TUCSON, Ariz. — Arthur J. Adair's entrÉe into the undertaking business happened by chance when he started working at his uncle's funeral parlor in 1938.
It turned into an opportunity for future Adairs.
Arthur's eldest son, Ron, had a thorough understanding of the inner workings at his family's mortuary by the time he was in elementary school and went on to become a licensed funeral director and president of Adair Funeral Homes. Eventually Ron was joined in the enterprise by his younger brother and two sisters.
Now, 54 years after the founding of the business, a third generation has arrived. Three of Arthur Adair's grandchildren are working in facets of the family businesses — one just finished mortuary school, one starts in the fall and another plans to follow soon.
Adair, which has five locations in Tucson, Catalina and Nogales, is one of the few funeral businesses in Arizona training a third generation, said Alicia Short, executive director of the Arizona Funeral, Cemetery & Cremation Association in Mesa.
Tucson Mortuary on South Stone Avenue has a fourth-generation Carrillo working in the family business. It was founded in 1914, giving the family a 42-year head start on the Adairs.
Fewer than 30 percent of family funeral businesses survive into the third generation of family ownership, according to the Family Business Institute, a Raleigh, N.C.-based advisory firm. Earlier this year an established, family-owned Tucson mortuary sold to a Florida-based corporation because there were no heirs to take over the business. Though privately owned funeral homes are still the majority, corporations and conglomerates are slowly moving into the market.
Arthur Adair, an Idaho farm boy, came west with two cousins in 1938 to visit relatives in Tucson. His cousins went home. Adair, then 19, stayed to work for his uncle, who owned Tiedje Funeral Home, then at 737 N. Sixth Ave. His vacation became a vocation.
He married Martha Kavanaugh in 1948, and after a stint in the Marines during World War II, schooling at a California mortuary college and more than a decade working in the funeral industry in Tucson, he opened his own mortuary.

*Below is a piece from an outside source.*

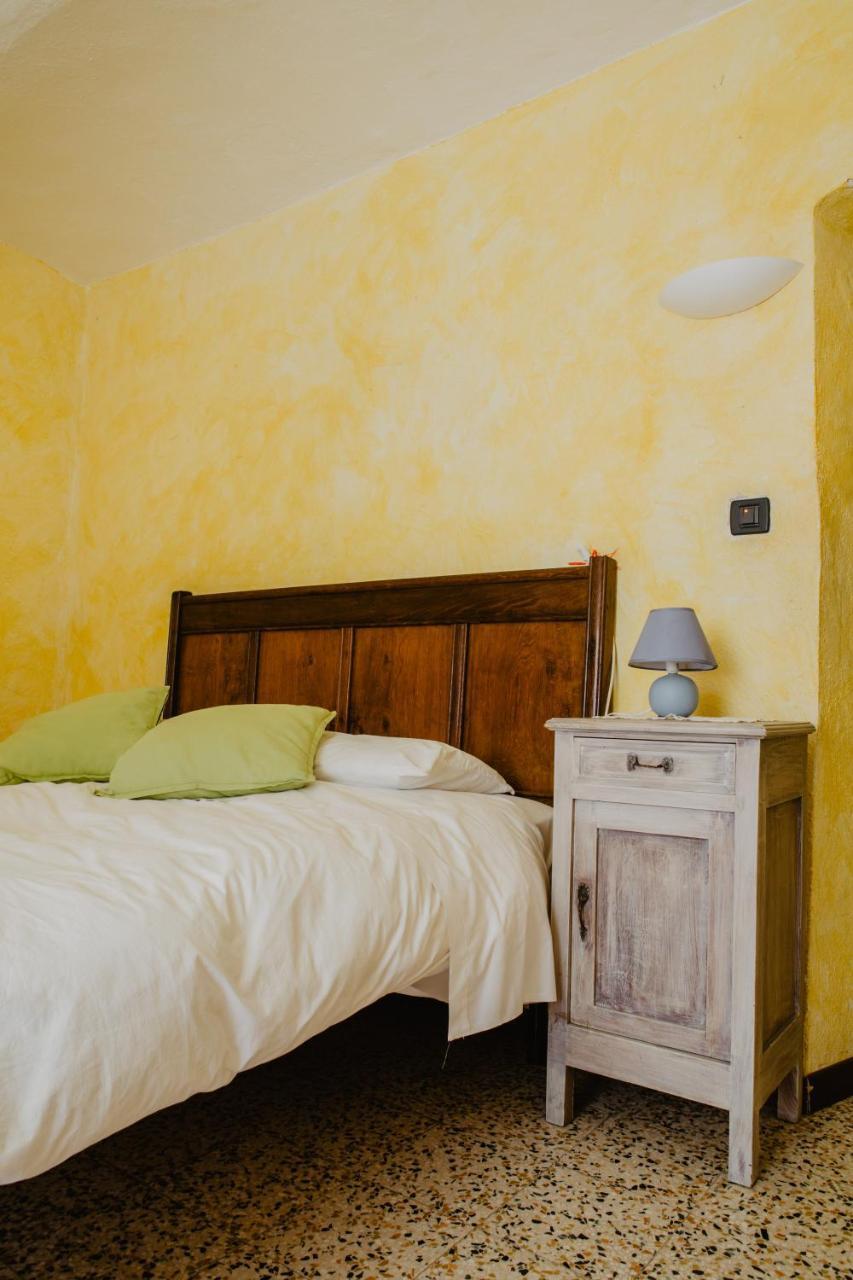 Agriturismo Le Piagge Ponzone エクステリア 写真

The original Adair Funeral Home opened Feb. 16, 1957, and remains in operation today.
When Arthur died in 1973, Martha took over the company. All four Adair children worked in the family business.
At 85, Martha still takes an active interest in the business and she is a fixture at the office, but day-to-day operations are overseen by her sons, Ron and Hank Adair.
Ron, the eldest son, began working at the family funeral home when he was 7, said his mother. Decades before the industry was so stringently regulated, the local coroner, an Adair family friend, regularly allowed young Ron to observe him as he worked.
"He stood on a bucket and watched," Martha said.
Hank Adair said he was never teased, when he was a boy, for being the son of a mortician. Quite the contrary.
"All my friends found it fascinating," he said. "I think, for all of us, our friends were intrigued."
Now three of Arthur and Martha's grandchildren are working for the family.
"I'm just so happy the grandchildren, on their own, have made the decision" to join the family business, said Martha Adair. "They are going to be so terribly important with all the technology. They understand it, and that's going to be the future of the industry.
"Those who have been successful are those who have changed with the times," she said. "You don't want to still be typing death certificates when they can be updated online."
The next generation's interest also will keep the business in the family.